DATA PROVIDED.
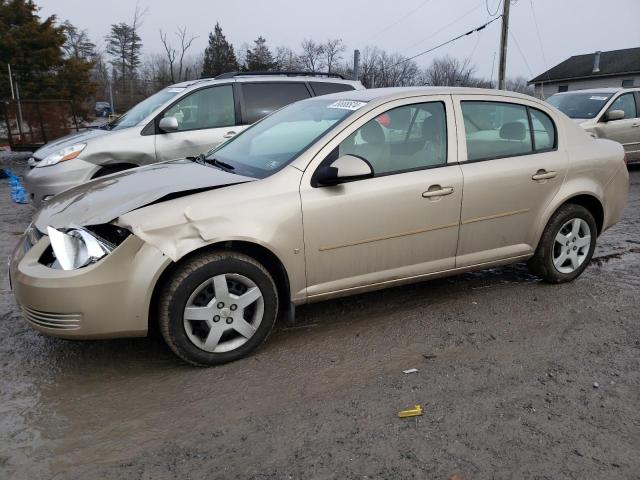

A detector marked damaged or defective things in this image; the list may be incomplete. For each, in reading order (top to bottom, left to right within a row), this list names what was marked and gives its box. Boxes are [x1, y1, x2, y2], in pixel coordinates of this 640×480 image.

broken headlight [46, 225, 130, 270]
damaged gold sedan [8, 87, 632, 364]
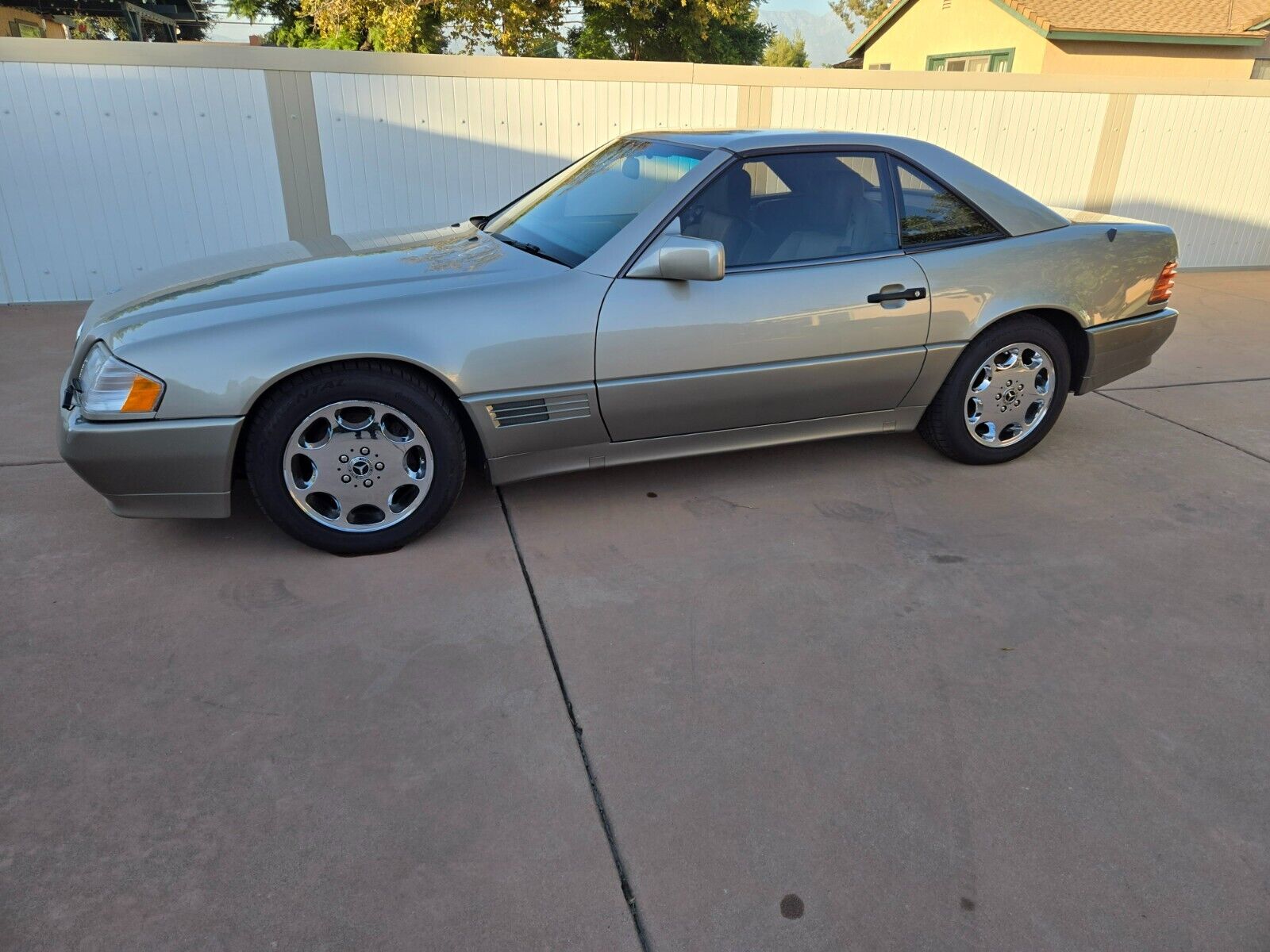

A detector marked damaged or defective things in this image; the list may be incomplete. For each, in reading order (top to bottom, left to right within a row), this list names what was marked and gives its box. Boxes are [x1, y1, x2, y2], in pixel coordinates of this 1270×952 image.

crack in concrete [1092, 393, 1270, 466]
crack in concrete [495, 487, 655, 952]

WHAT TO WORK ON.
Take the line with "this 1270×952 image." and every line after it in the data, and please reproduce them exactly, leaving out all other lines.

TASK RESULT.
A detector marked damaged or defective things in this image; the list may be incomplete. For each, in reading order (top to bottom, left to right within a row), this list names what was marked and gives its box. Boxes are [x1, y1, x2, y2], in pixel coordinates of this 1270×952 image.

crack in concrete [1092, 393, 1270, 466]
crack in concrete [495, 487, 655, 952]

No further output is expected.